Consider the following image opportunities:
– a night time shot of the moon
– a beautiful church in the evening
– a stunning landscape
– making running water appear fluid
You won’t get very far without a tripod with any of these shots. You will have an image, but it will be inferior to what you could have produced.
A tripod holds your camera steady and allows you to do the following
– take long exposures without camera shake
– use maximum depth of field (smallest aperture) for landscapes
– allow movement in your shots whilst keeping the background steady
Imagine you have a wonderful building in your local town. In the evening it is beautifully lit and there are trees and bushes surrounding it giving you a perfect opportunity for a gorgeous shot when there is still a bit of light in the sky. Even at full aperture you are thinking of perhaps half a second or more for the shutter speed.
If you don’t use a tripod, whatever you do, your shot will be blurred.
Get out your tripod. The you can choose a long enough exposure not only to take the initial shot you were anticipating but an even longer one to enable you to close down the aperture for the best depth of field.
Which tripod should you buy?
There are tripods to be had which cost only a few dollars. They look great (in the adverts). Don’t buy one! You will regret it. They are often made of inferior materials from obscure companies. The leg locking mechanisms are rough and prone to failure, the heads don’t move smoothly and the locks slip and wear out. They don’t easily take the weight of even a standard SLR camera and in unsettled conditions they will buckle, vibrate and warp. All of this will affect your final image.

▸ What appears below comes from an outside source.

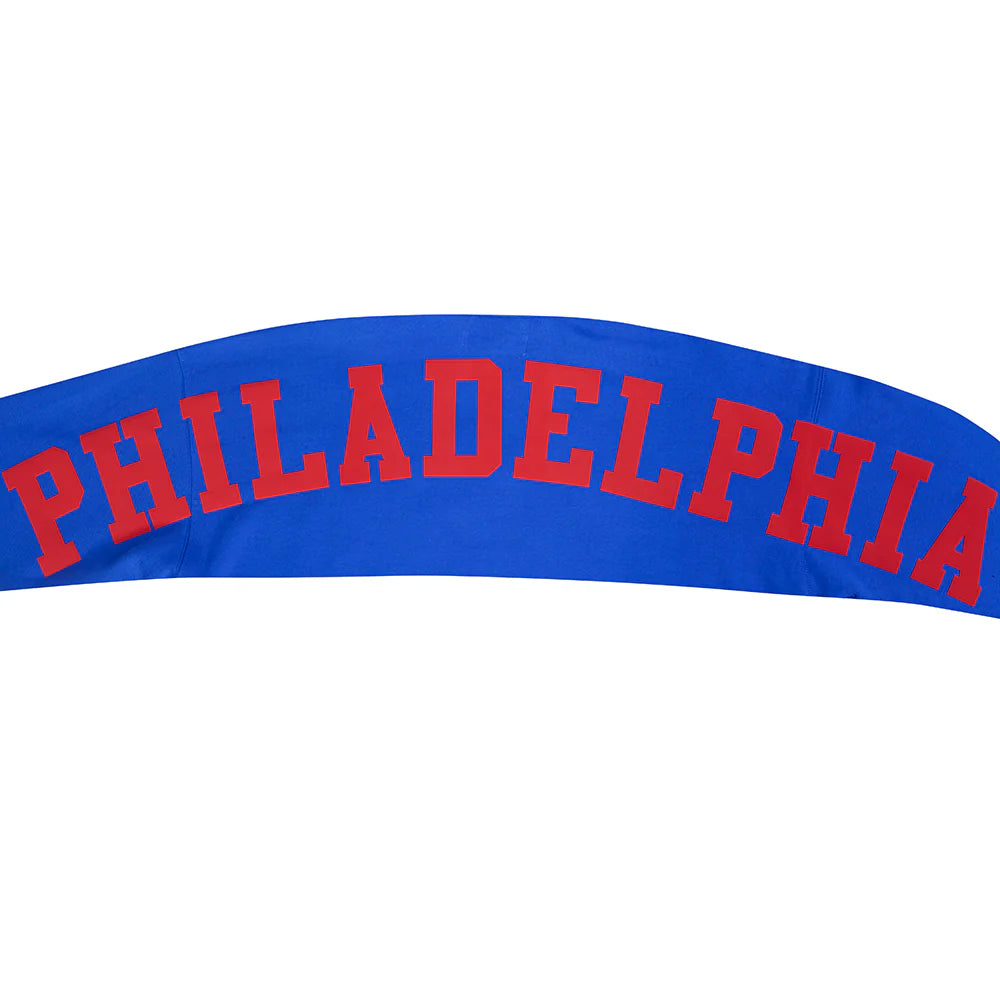 NBA PHILADELPHIA 76ERS WINGSPAN MEN'S DROP SHOULDER FLEECE PULLOVER HOODIE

A tripod is as important as the camera on it. It needs to be secure on uneven ground and weighty enough to take the camera and windy or inclement weather. The legs should lock positively and there should be no movement when they are extended. The head should be firmly seated and with positive and secure locking mechanisms. Always try one out in the store before you buy or borrow one from a friend. My golden rule is: spend as much as you can afford.